Si je devais tenter de définir ce qui relie les passionnés de Romain Gary que j’ai pu rencontrer, je dirais qu’il y a en eux une profonde mélancolie, très exactement proportionnelle à leur passion de vivre. Une volonté farouche de redonner à la vie la puissance des promesses qu’elle a faites un jour, et qu’elle peine à tenir. L’oeuvre de Gary/Ajar est le livre de chevet des gens qui ne sont pas prêts à se résoudre ni au rétrécissement de l’existence ni à celui du langage, mais qui croient qu’il est donné de réinventer l’un comme l’autre. Ne jamais finir de dire ou de « se » dire. Refuser qu’un texte ou un homme ait définitivement été compris. Et croire dur comme fer qu’il pourra toujours faire l’objet d’un malentendu.

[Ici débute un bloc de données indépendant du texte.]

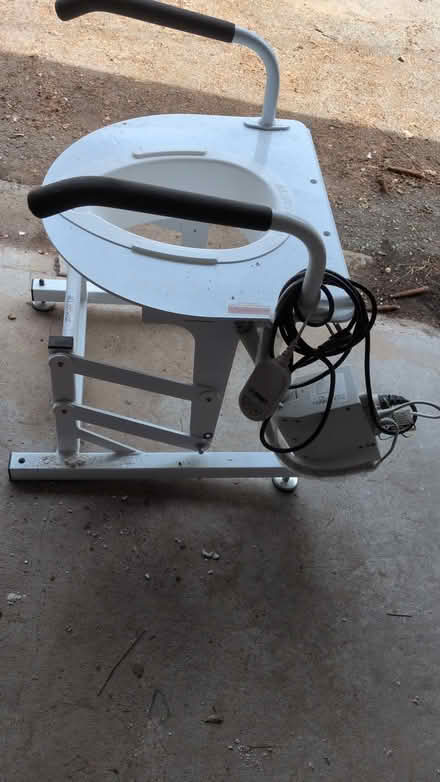 Photo of free Electric toilet seat lift (Prince of Wales and Baseline) #2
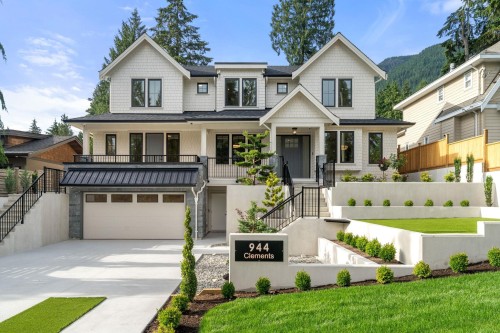 944 Clements Avenue, North Vancouver, BC 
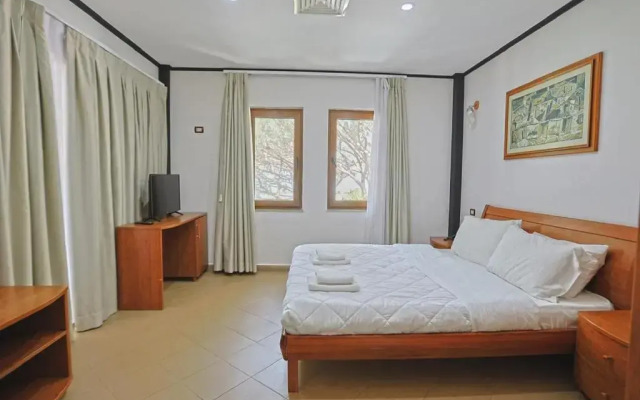Kastrati Hotel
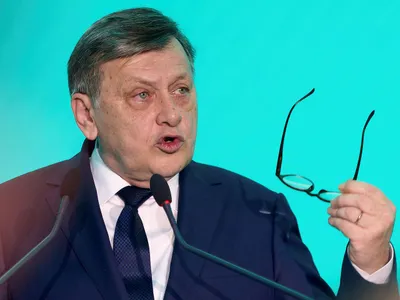 Crin Antonescu răbufnește în fața jurnaliștilor: „Calomniați absolut inacceptabil” - FOTO: Profimedia (imagine cu rol ilustrativ)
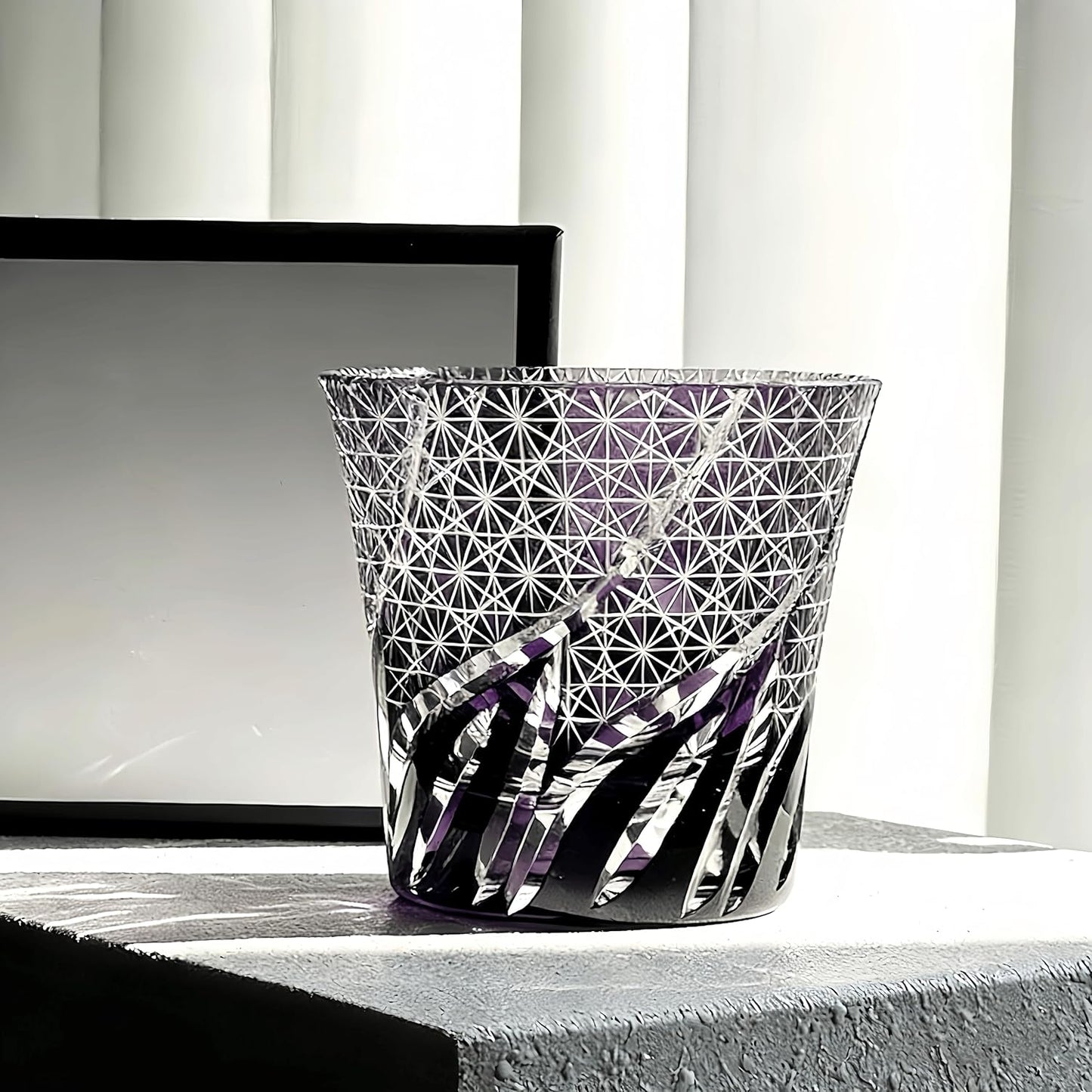 Vaso cristal Edo Kiriko morado patrón geométrico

Depuis plus de quarante ans, Gary est mort. « Il a disparu », « il est parti », « il nous a quittés » … Vous pouvez utiliser n’importe quelle expression idiote pour me le dire, mais vous ne me le ferez pas complètement croire. Car, pour moi comme pour d’autres, il est devenu un dibbouk, au sens où la tradition juive l’entend.

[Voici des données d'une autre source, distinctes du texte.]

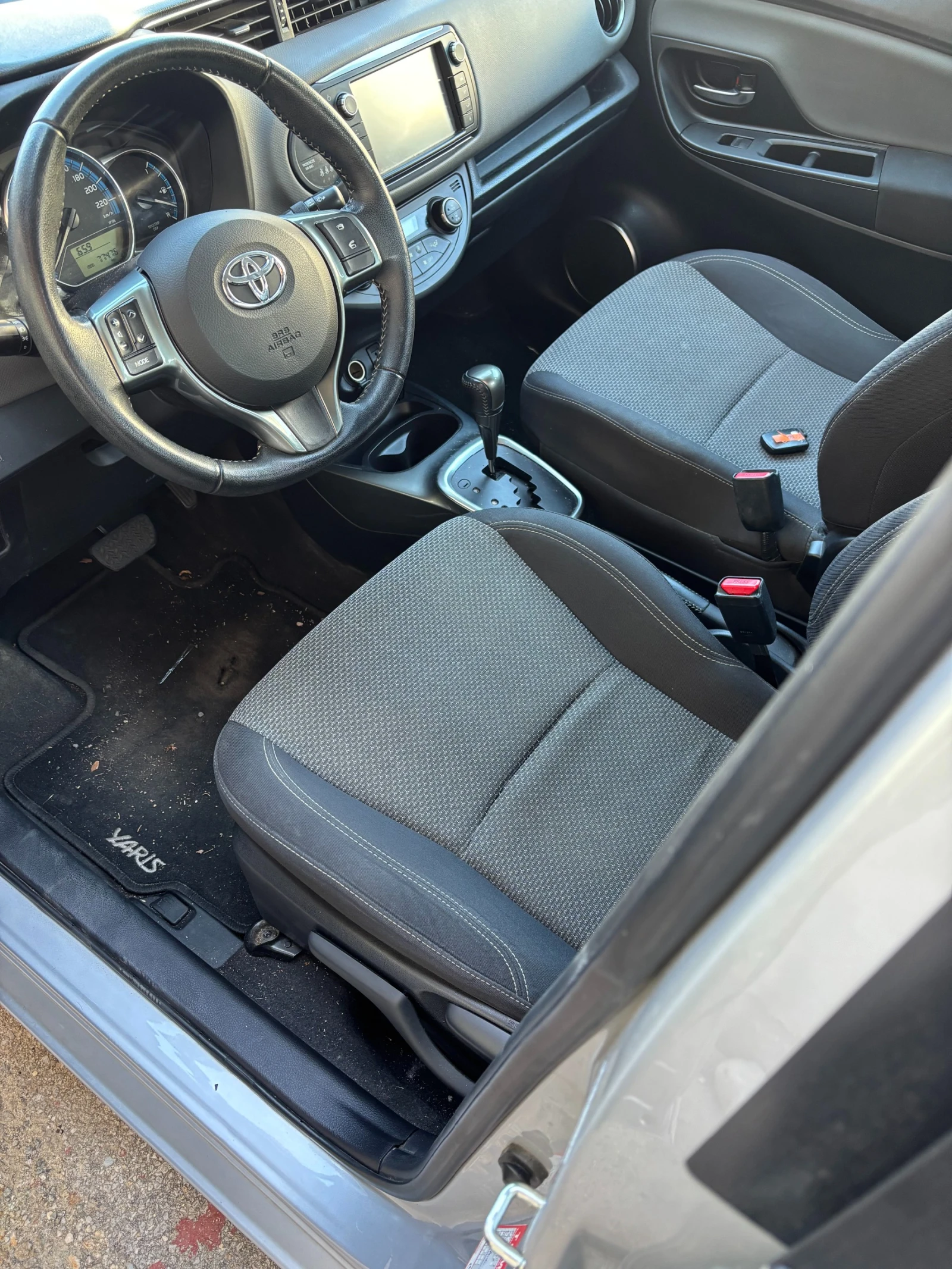 Toyota Yaris, снимка 7 - Автомобили и джипове - 55199874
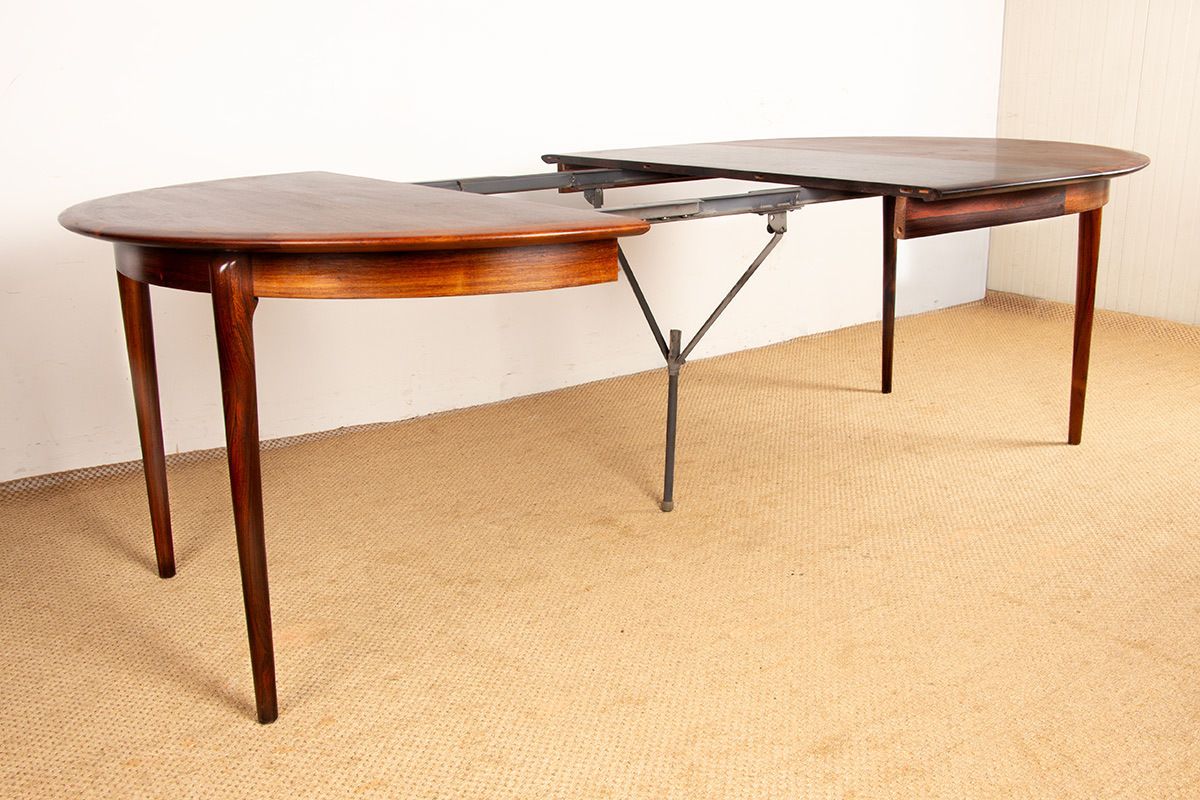 4000.0 Table à manger danoise extensible en palissandre, par Kai Lyngfeldt Larsen pour Søren Willadsen, 1960. photo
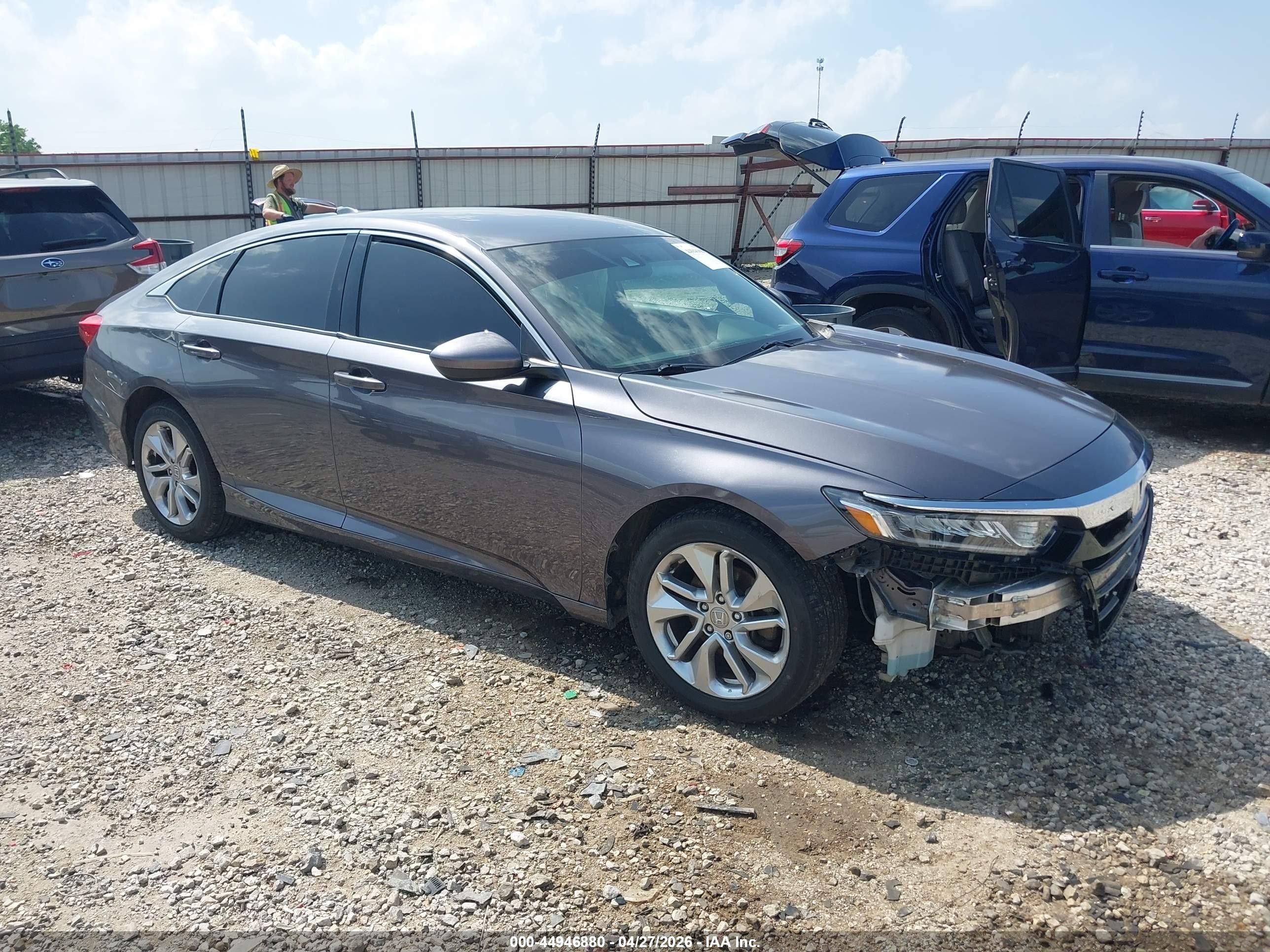 2018 Honda Accord LX, VIN 1HGCV1F19JA240360 — Бок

Le dibbouk, c’est un revenant qui vous colle à la peau ou à l’esprit, un être dont l’âme s’est attachée à la vôtre pour une raison mystérieuse, et qui ne vous lâche plus. Il ne vous veut ni du mal, ni du bien. Il vous accompagne simplement et hante votre existence, pour la parasiter ou l’agrandir, l’encombrer ou la soutenir.
Et quoi de plus normal pour cet homme, né Roman Kacew, surnommé Romain Gary, et réinventé en Emile Ajar … que d’être devenu un dibbouk ? Il fut sans doute, lui-même, l’être le plus « dibbouké » du monde. Hanté par les rêves grandioses d’une mère qui place en lui mille vies à vivre par procuration. Hanté par le fantôme d’un père assassiné, à qui il invente mille origines goy pour lui épargner la déportation.

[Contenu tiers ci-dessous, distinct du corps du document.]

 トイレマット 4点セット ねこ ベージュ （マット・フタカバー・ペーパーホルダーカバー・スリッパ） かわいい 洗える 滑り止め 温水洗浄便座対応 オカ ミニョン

Hanté par les » revenances » de tous ceux que la guerre lui a arrachés, les mondes engloutis de l’Europe de l’Est et les patriotes tombés au combat à ses côtés. Hanté par les amours qui meurent et les désirs qui s’épuisent, autant que par les belles idées qui ne résistent jamais à ce qu’en font les hommes à coup d’idéologie.
Ajar fut un des noms que Gary créa pour dire au monde qu’il n’allait pas se résoudre à une mort annoncée, ni celle des hommes, ni celle des mots.
Son pseudo fut un dernier pied de nez au morbide qui vous rattrape toujours, mais qu’on peut tromper un temps avec un peu de panache, avec une manigance littéraire qui interdit à l’homme de n’être que lui-même. À travers Ajar, Gary a réussi à dire qu’il existe, pour chaque être, un au-delà de soi ; une possibilité de refuser cette chose à laquelle on donne aujourd’hui un nom vraiment dégoûtant : l’identité. (p. 12-14)
Je me souviens … je me souviens avoir été une jeune adulte passionnée de Romain Gary alias Emile Ajar. Je sais aujourd’hui que chacun de ses romans résonnait puissamment avec la partie de mon enfant intérieure inconsciemment « agie » et « parlée » par des mémoires familiales enkystées. Après une longue exploration de mon arbre généalogique, je vois avec intérêt en quoi la notion de « dibbouk », ici évoquée par Delphine Horvilleur au sujet de cet auteur, illustre bien la nature du chemin proposé par l’analyse transgénérationnelle. Comme toujours, l’étymologie permet de remonter à la source du sens : « dibbouk » vient en effet de l’hébreu signifiant « attachement ». La notion de « dibbouk » ramène ainsi directement à celle de « fantôme(s) » transgénérationnel(s), ces mémoires émotionnelles de nos ancêtres restées en souffrance qui se transmettent inconsciemment, nous hantant parfois sans que nous en ayons d’abord conscience. Des mémoires ancestrales qui nous maintiennent attaché.e.s par des liens de loyauté inconsciente à notre seule identité de « descendant » et entravent notre réalisation en tant que sujets mus par notre désir propre. Tout l’enjeu du travail d’exploration de son arbre généalogique est là : identifier, reconnaître et accueillir ces mémoires douloureuses de l’Avant et Ailleurs pour s’en détacher, s’en libérer – et en libérer ceux qui en leur temps n’ont pas été en mesure de les « digérer » – et ainsi devenir soi, séparé.e, différencié.e de sa famille tout en y étant relié.e, riche de son identité plurielle.